Re: [PATCH v4 5/7] x86/resctrl: Determine if Sub-NUMA Cluster is enabled and initialize.

From: Reinette Chatre
Date: Mon Aug 28 2023 - 13:07:12 EST


Hi Tony,

On 8/25/2023 10:49 AM, Tony Luck wrote:
> On Fri, Aug 11, 2023 at 10:32:29AM -0700, Reinette Chatre wrote:
>> On 7/22/2023 12:07 PM, Tony Luck wrote:

...

>>> +static const struct x86_cpu_id snc_cpu_ids[] __initconst = {
>>> + X86_MATCH_INTEL_FAM6_MODEL(ICELAKE_X, 0),
>>> + X86_MATCH_INTEL_FAM6_MODEL(SAPPHIRERAPIDS_X, 0),
>>> + X86_MATCH_INTEL_FAM6_MODEL(EMERALDRAPIDS_X, 0),
>>> + {}
>>> +};
>>> +
>>> +/*
>>> + * There isn't a simple enumeration bit to show whether SNC mode
>>> + * is enabled. Look at the ratio of number of NUMA nodes to the
>>> + * number of distinct L3 caches. Take care to skip memory-only nodes.
>>> + */
>>> +static __init int get_snc_config(void)
>>> +{
>>> + unsigned long *node_caches;
>>> + int mem_only_nodes = 0;
>>> + int cpu, node, ret;
>>> +
>>> + if (!x86_match_cpu(snc_cpu_ids))
>>> + return 1;
>>> +
>>> + node_caches = kcalloc(BITS_TO_LONGS(nr_node_ids), sizeof(*node_caches), GFP_KERNEL);
>>> + if (!node_caches)
>>> + return 1;
>>> +
>>> + cpus_read_lock();
>>> + for_each_node(node) {
>>> + cpu = cpumask_first(cpumask_of_node(node));
>>> + if (cpu < nr_cpu_ids)
>>> + set_bit(get_cpu_cacheinfo_id(cpu, 3), node_caches);
>>> + else
>>> + mem_only_nodes++;
>>> + }
>>> + cpus_read_unlock();
>>
>> I am not familiar with the numa code at all so please correct me
>> where I am wrong. I do see that nr_node_ids is initialized with __init code
>> so it should be accurate at this point. It looks to me like this initialization
>> assumes that at least one CPU per node will be online at the time it is run.
>> It is not clear to me that this assumption would always be true.
>
> Resctrl initialization is kicked off as a late_initcall(). So all CPUs
> and devices are fully initialized before this code runs.
>
> Resctrl can't be moved to an "init" state before CPUs are brought online
> because it makes a call to cpuhp_setup_state() to get callbacks for
> online/offline CPU events ... that call can't be done early.
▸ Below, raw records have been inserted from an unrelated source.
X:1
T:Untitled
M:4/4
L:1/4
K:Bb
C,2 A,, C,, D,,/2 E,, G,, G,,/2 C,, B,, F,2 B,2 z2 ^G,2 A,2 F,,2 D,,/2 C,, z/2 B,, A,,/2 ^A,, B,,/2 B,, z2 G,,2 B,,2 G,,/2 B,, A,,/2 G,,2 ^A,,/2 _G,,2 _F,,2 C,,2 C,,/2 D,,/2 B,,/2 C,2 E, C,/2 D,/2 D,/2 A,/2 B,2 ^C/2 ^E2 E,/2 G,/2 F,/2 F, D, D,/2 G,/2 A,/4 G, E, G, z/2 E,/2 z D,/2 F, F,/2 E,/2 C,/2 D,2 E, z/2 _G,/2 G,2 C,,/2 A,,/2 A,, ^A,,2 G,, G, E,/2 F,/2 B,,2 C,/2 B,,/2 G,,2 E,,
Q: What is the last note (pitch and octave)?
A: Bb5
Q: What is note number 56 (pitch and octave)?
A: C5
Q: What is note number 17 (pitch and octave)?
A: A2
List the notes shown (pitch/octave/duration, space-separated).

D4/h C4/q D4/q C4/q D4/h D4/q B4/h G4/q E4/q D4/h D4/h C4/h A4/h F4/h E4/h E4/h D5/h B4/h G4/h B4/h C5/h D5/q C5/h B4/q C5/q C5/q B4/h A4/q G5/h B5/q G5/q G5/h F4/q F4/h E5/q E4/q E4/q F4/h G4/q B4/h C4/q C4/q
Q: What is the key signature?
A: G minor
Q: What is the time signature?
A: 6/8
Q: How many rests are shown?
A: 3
Apologies but this is not so obvious to me. From what I understand a
system need not be booted with all CPUs online. CPUs can be brought
online at any time.

>>> +
>>> + ret = (nr_node_ids - mem_only_nodes) / bitmap_weight(node_caches, nr_node_ids);
>>> + kfree(node_caches);
>>> +
>>> + if (ret > 1)
>>> + rdt_resources_all[RDT_RESOURCE_L3].r_resctrl.mon_scope = MON_SCOPE_NODE;
>>> +
>>> + return ret;
>>> +}
>>> +


Reinette